Roxane Gay of literary web magazine The Rumpus argues the film might be offensive to African Americans, saying the film uses racial Hollywood tropes like the Magical Negro character.
The Help earned $169,708,112 in North America and $46,931,000 in other territories for a worldwide total of $216,639,112.
In North America, on its opening day (Wednesday, August 10, 2011), it topped the box office with $5.54 million. It then added $4.33 million on Thursday, declining only 21 percent, a two-day total to $9.87 million. On its first weekend, the film grossed $26.0 million, coming in second place behind Rise of the Planet of the Apes. However, during its second weekend, the film jumped to first place with $20.0 million, declining only 23 percent, the smallest drop among films playing nationwide. The film crossed the $100 million mark on its 21st day of release, becoming one of only two titles in August 2011 that achieved this. On its fourth weekend (Labor Day three-day weekend), it became the first film since Inception (2010), to top the box-office charts for three consecutive weekends. Its four-day weekend haul of $19.9 million was the fourth largest for a Labor-day weekend. Notably, The Help topped the box office for 25 days in a row. This was the longest uninterrupted streak since The Sixth Sense (35 days), which was also a late summer release, in 1999.

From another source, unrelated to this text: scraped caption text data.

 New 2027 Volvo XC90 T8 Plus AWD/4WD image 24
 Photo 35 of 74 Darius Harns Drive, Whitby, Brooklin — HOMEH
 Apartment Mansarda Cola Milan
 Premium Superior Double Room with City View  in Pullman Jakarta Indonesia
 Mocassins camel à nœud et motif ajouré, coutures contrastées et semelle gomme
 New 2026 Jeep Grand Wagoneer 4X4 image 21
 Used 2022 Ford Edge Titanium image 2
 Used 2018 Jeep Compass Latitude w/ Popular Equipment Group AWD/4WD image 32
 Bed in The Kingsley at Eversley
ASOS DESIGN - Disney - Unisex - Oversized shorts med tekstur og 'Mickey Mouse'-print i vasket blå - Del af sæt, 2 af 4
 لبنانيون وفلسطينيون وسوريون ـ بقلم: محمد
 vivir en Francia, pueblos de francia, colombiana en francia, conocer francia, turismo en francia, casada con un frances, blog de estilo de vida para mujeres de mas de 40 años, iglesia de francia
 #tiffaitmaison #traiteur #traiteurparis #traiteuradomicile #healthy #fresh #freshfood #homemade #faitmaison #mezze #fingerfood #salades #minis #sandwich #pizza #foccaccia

To promote the film, TakePart.com hosted a series of three writing contests. Rebecca Lubin, of Mill Valley, California, who has been a nanny for nearly two decades won the recipe contest. Darcy Pattison's "11 Ways to Ruin a Photograph" won "The Help" Children's Story Contest with her story about a tenacious young girl who refuses to take a good photograph while her father is away "soldiering". After being chosen by guest judge and children's-book author Lou Berger, the story was professionally illustrated. The final contest was about "someone who inspired you". Genoveva Islas-Hooker charmed guest judge Doc Hendley (founder of Wine to Water) with her story, A Heroine Named Confidential. A case manager for patients with HIV, Islas-Hooker was consistently inspired by one special individual who never gave up the fight to live.
The original song is "The Living Proof" by Mary J. Blige. The soundtrack was released on July 26, 2011, through Geffen Records.
The film's score was composed and conducted by Thomas Newman; Varese Sarabande released a score album on September 13, 2011.